Four former heads of Friends of the Earth issued a last-ditch plea to prime minister David Cameron not to sign off on new nuclear until the risks have been publicly reviewed.
With an investment agreement imminent for EDF’s proposed Hinkley Point C plant, they said the plans expose the economy to “exceptional levels of risk”. The project cleared another hurdle today as the Environment Agency approved its environmental permits.
The letter from Jonathon Porritt, Tom Burke, Tony Juniper and Charles Secrett followed one a year ago setting out concerns about the deal, of which they said nine out of 10 had materialised.
The four correctly predicted that Centrica would pull out of the new nuclear partnership and warned that EDF would adopt an aggressive bargaining position.
They said recent reports EDF would require a guaranteed power price of close to £100/MWh for between 30 and 40 years implied a bill for British customers of up to £50 billion over the deal’s lifetime.
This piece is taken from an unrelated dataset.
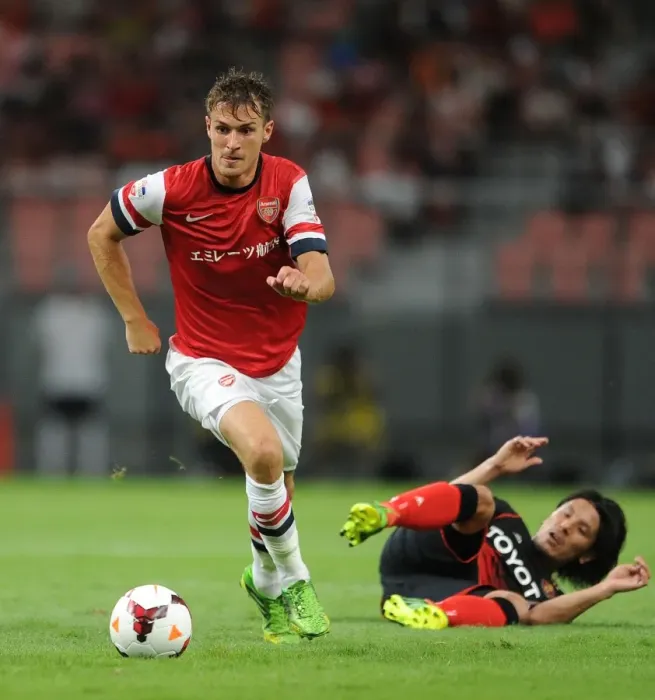 Framed Print : Arsenal's Aaron Ramsey Outsmarts Jungo Fujimoto: Pre-Season Victory over Nagoya Grampus (July 2013) Framed Print : Arsenal's Aaron Ramsey Outsmarts Jungo Fujimoto: Pre-Season Victory over Nagoya Grampus (July 2013)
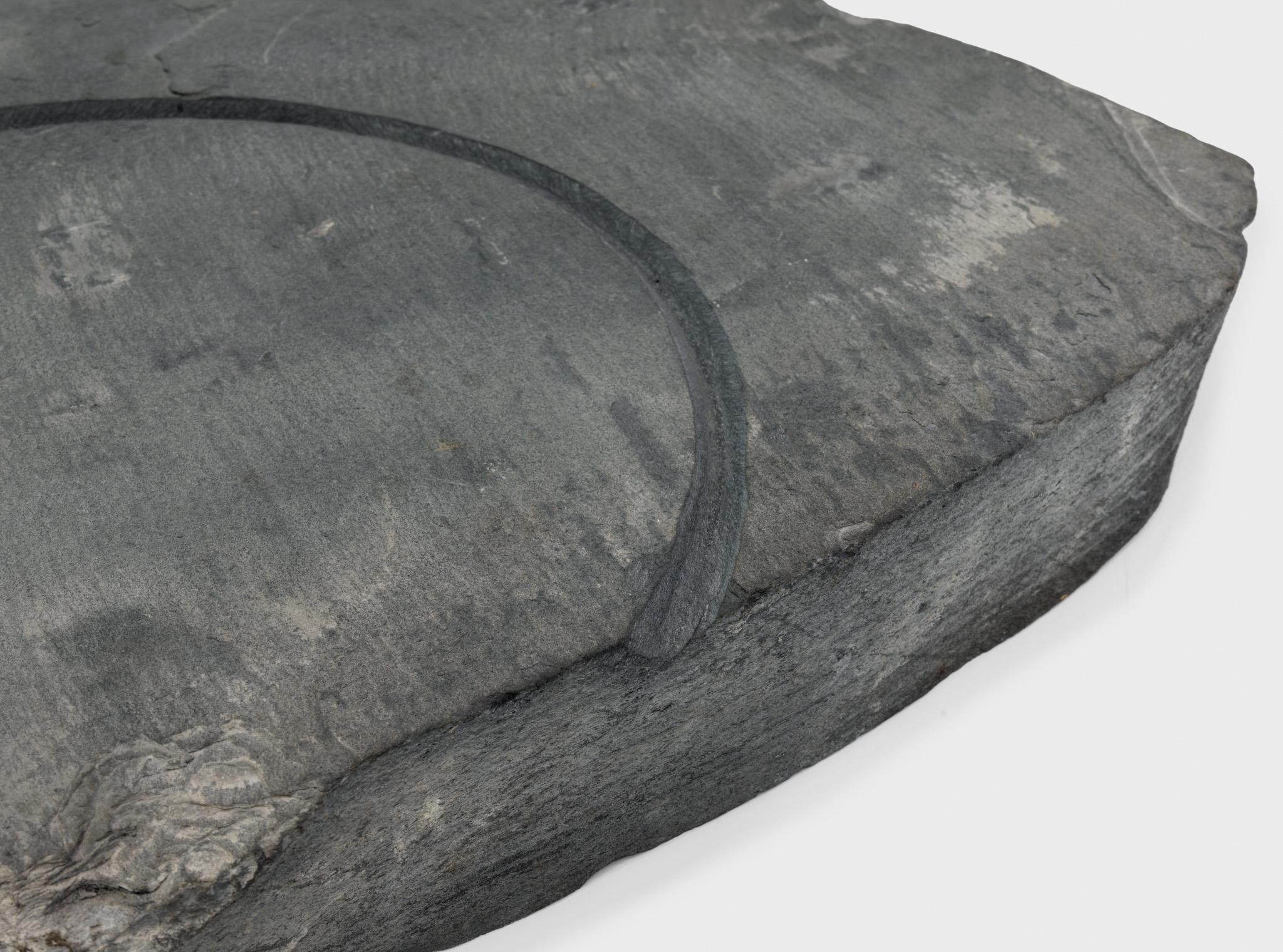 a large piece of slate with a circular incision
If shale gas or improved renewables technology succeed in cutting power prices, the subsidy to EDF will increase, they warned. “There are inevitably doubts about whether a commitment now to expenditure of this magnitude for so long on a single project represents good value for money.”
The Department of Energy and Climate Change should publish a comprehensive risk register, they said, which should be scrutinised by the Public Accounts Committee before any deal is signed.